The amount of crawling by spiders has increased sharply, resulting in a high server load. Finally, the ngx_http_limit_req_module module of nginx is used to limit the crawling frequency of Baidu Spider. Baidu Spider is allowed to crawl 200 times per minute, and the redundant crawl request returns 503.
nginx configuration:
#Global Configuration
limit_req_zone $anti_spider zOne=anti_spider:60m rate=200r/m;
#In a server
limit_req zOne=anti_spider burst=5 nodelay;
if ($http_user_agent ~* “baiduspider”) {
set $anti_spider $http_user_agent;
}
Parameter description:
The rate=200r/m in the command limit_req_zone means that only 200 requests can be processed per minute.
The burst=5 in the instruction limit_req means that the maximum concurrency is 5. That is, only 5 requests can be processed at the same time.

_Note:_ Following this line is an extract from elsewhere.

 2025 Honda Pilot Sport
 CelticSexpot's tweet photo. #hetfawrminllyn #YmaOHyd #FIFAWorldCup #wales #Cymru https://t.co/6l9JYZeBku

The nodelay in the instruction limit_req indicates that when the burst value has been reached, when a new request is made, 503 will be returned directly
The IF part is used to judge whether it is the user agent of Baidu Spider. If so, assign a value to the variable $anti_spider. In this way, only Baidu spiders are restricted.
For detailed parameter descriptions, you can view the official documentation.
http://nginx.org/en/docs/http/ngx_http_limit_req_module.html#limit_req_zone
This module uses a leaky bucket algorithm to limit requests.
For the leaky bucket algorithm, see http://baike.baidu.com/view/2054741.htm
For related codes, please check the nginx source code file src/http/modules/ngx_http_limit_req_module.c
The core part of the code is the ngx_http_limit_req_lookup method.